Being found without Google — Kelford Labs Daily

What to do about “Google Zero”

Being found without Google — Kelford Labs Daily

Internet speculators and journalists are prophesying “Google Zero”—the eventual decline and fall of organic search traffic to web sites.

The Verge’s Editor-in-Chief, Nilay Patel, has, in fact, been predicting “Google Zero” for years.

As AI search tools increasingly do the searching, reading, and analyzing for you—or, as Google literally said during this week’s Google I/O conference, “Let Google do the googling for you”—it’s possible, if not inevitable, that organic search traffic to web sites will catastrophically decline in the near future.

There may, indeed, come a day when organic search traffic from Google plummets to near zero. So what does that mean for marketers and entrepreneurs?

Well, this is one of the major reasons I ask all my clients this question:

“If you couldn’t do any marketing, promotion, or outreach to new customers, which potential customers would find you anyway?”

Put another way, “Who is looking for you now?” And where do they go when they want to find you or someone like you?

Of course, Google is one of those places, now, and probably the primary one. But where else do they go? Who else do they ask? And how can you be there

Take a moment and pause, and really think about this. It isn’t a pop quiz, it’s a philosophical quandary. 
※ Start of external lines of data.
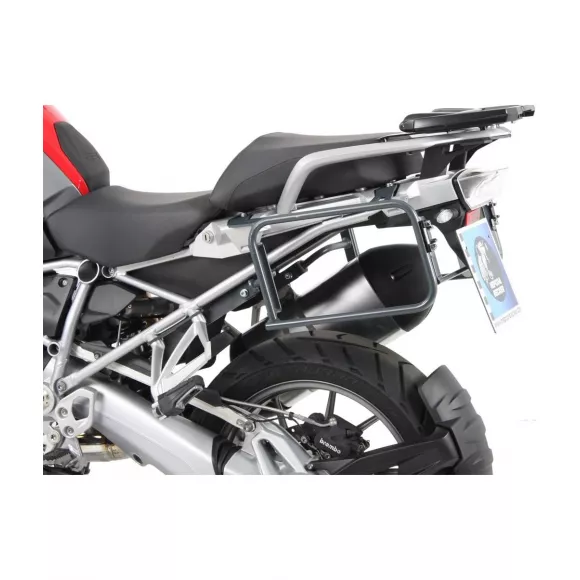 Motorcycle luggage carrier for BMW R 1250 GS (2018-)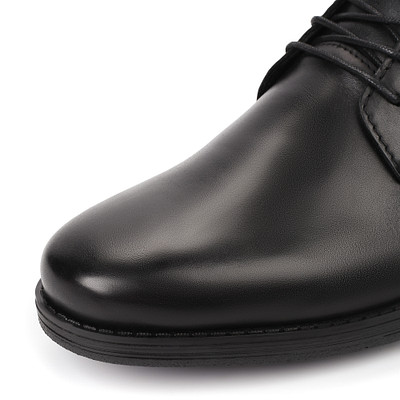 фото Полуботинки мужские rieker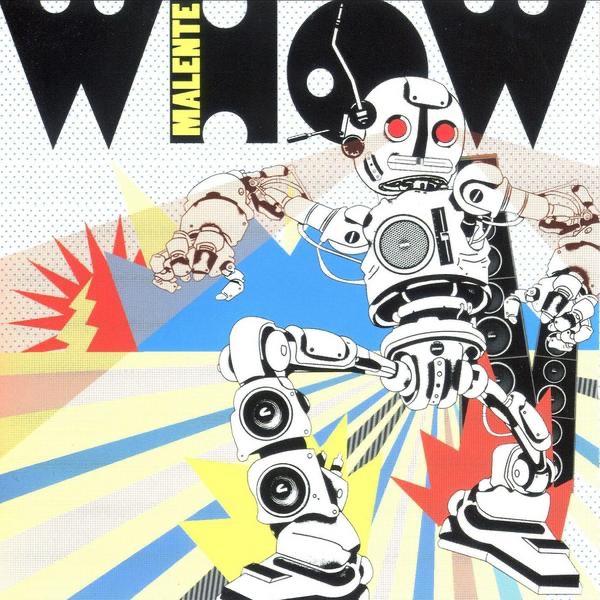 Razorblade (Malente Dub)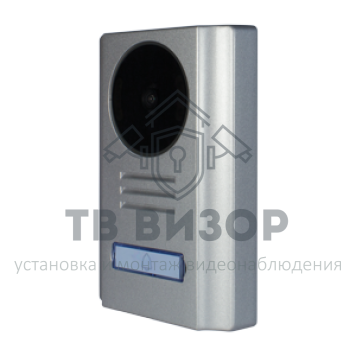 Вызывная видеопанель
 Stuart-1-1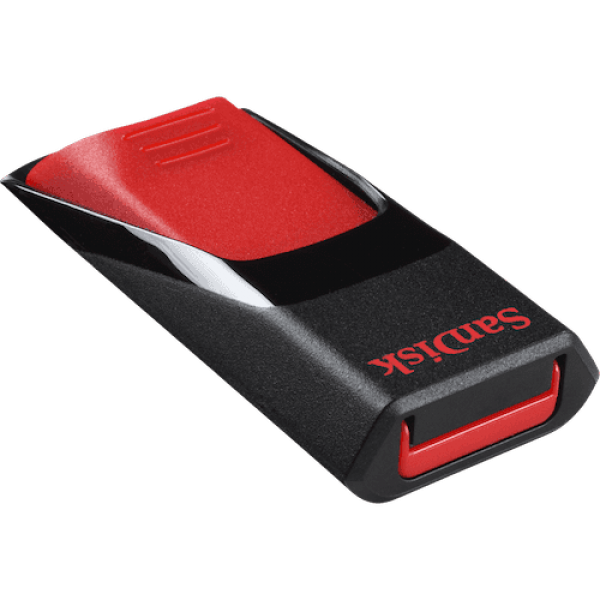 Sandisk Cruzer Edge Flash Bellek (8 GB)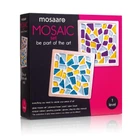 Скляна мозаїка Mosaaro. Stands for hot cups (square) Підставка для чашок (квадратні) 100*100 мм (MA1002)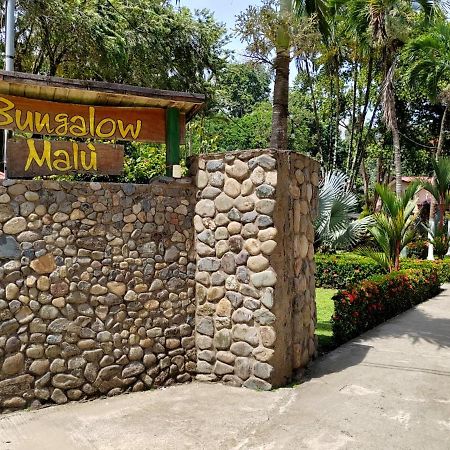 كويتا Bungalows Malu المظهر الخارجي الصورة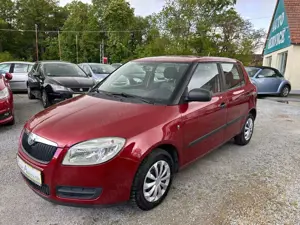 Skoda Fabia 1.2l 51 kW Classic/Klima/2.Hand/Tüv01.28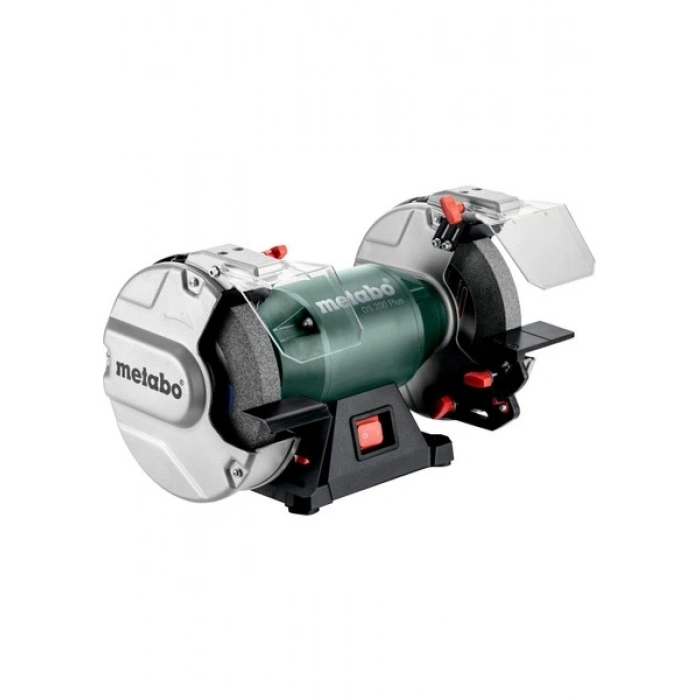 Metabo DS 200 PLUS Taşlama Motoru - 604200000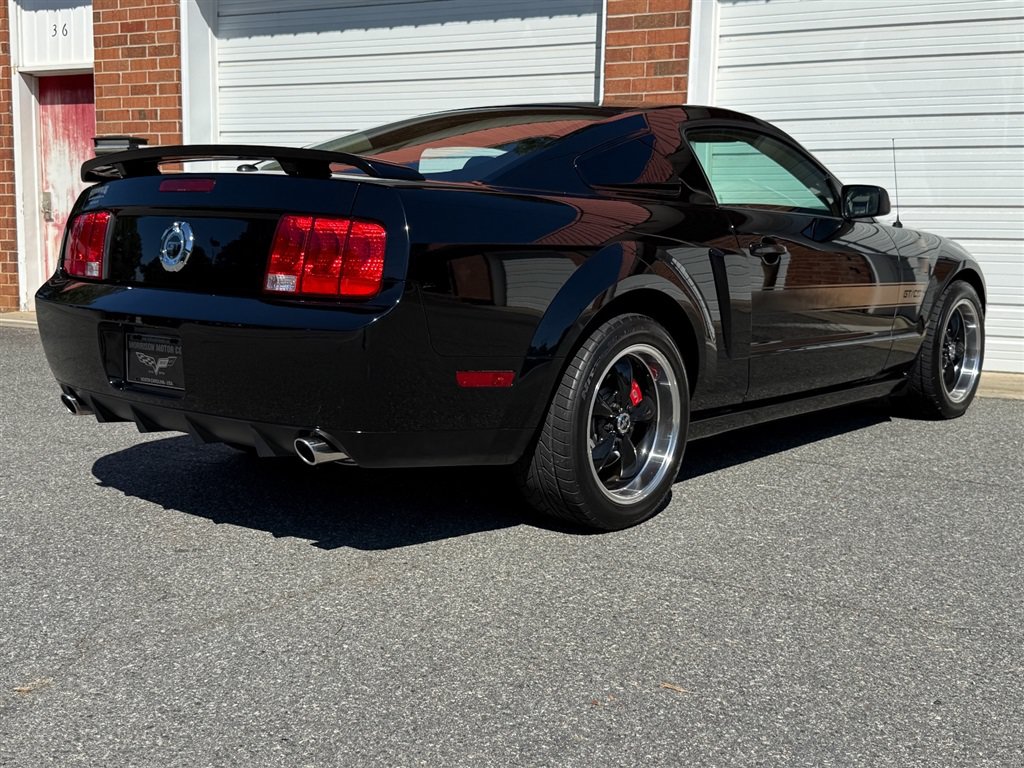 Used 2007 Ford Mustang GT RWD image 39
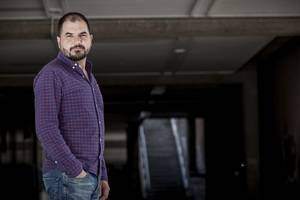 Manuel Moreno: "Hay que desdramatizar si la liamos parda en internet"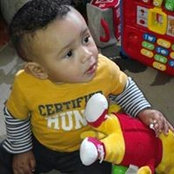 Robert Johnson's photo
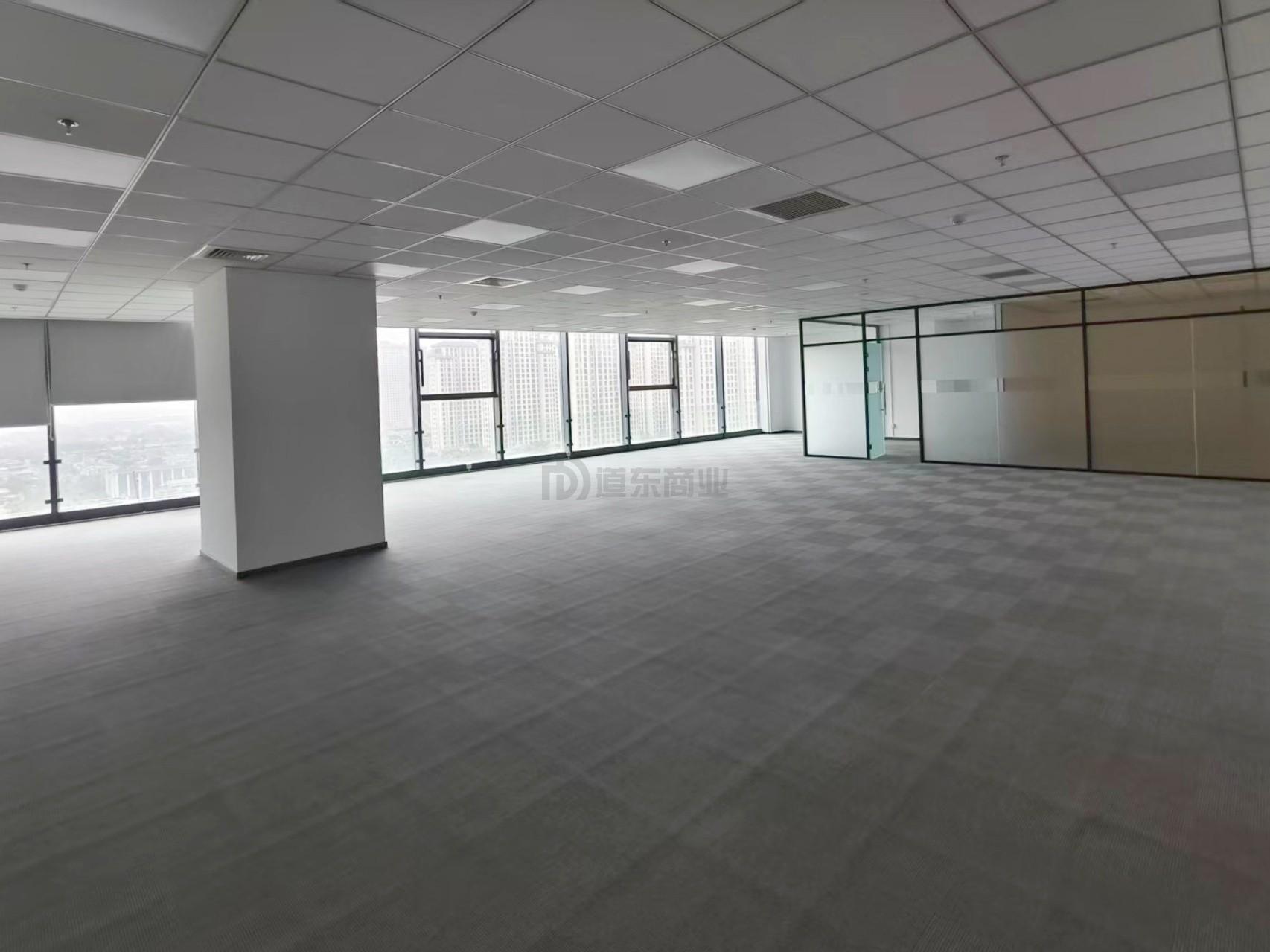 云马创新中心面积270平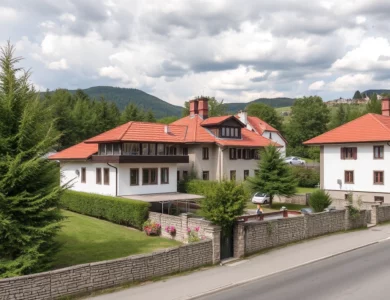 Investir dans l’immobilier en Slovénie : le guide complet pour comprendre un marché discret mais très performant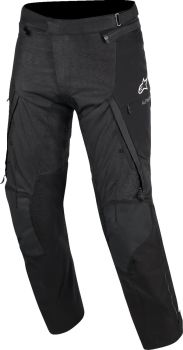 PANT ANDES V4 DS BLACK L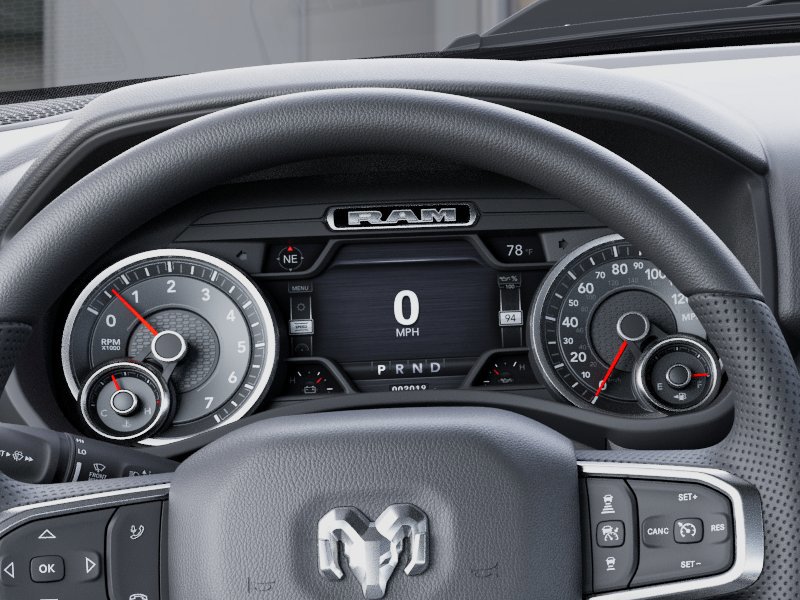 New 2026 RAM 1500 Express image 17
Perhaps your ideal clients attend conferences or trade shows. Maybe they read industry publications, or belong to associations. Or maybe there’s a type of content they’re likely to love, which presents an advertising opportunity.

What you’re looking for is a way to be present when other people are thinking about what they might need from you or a similar provider.

The answer might include having your own platform, like a newsletter or blog that dedicated and interested readers come back for and share because it’s unique and uniquely valuable.

It might include consistent, regular outreach to past customers, getting their feedback, their testimonials and comments, and their interest at regular intervals.

Gone are the days—or they soon will be—when we could just shove content online and expect Google to surface visits for us.

Now, we must define, articulate, and demonstrate our value at a distance to people who are looking for us and demanding what we make or provide. We can’t rely on generating supply, in the form of content, and assuming demand will follow.

We must discover where the demand already exists, and be there, at the right moment, in the right context, with the right message.

If “Google Zero” is coming, how can you make sure that it doesn’t turn into “Customers Zero”?

By knowing who they are, where they are, what they’re looking for, and how you can best help them in that moment.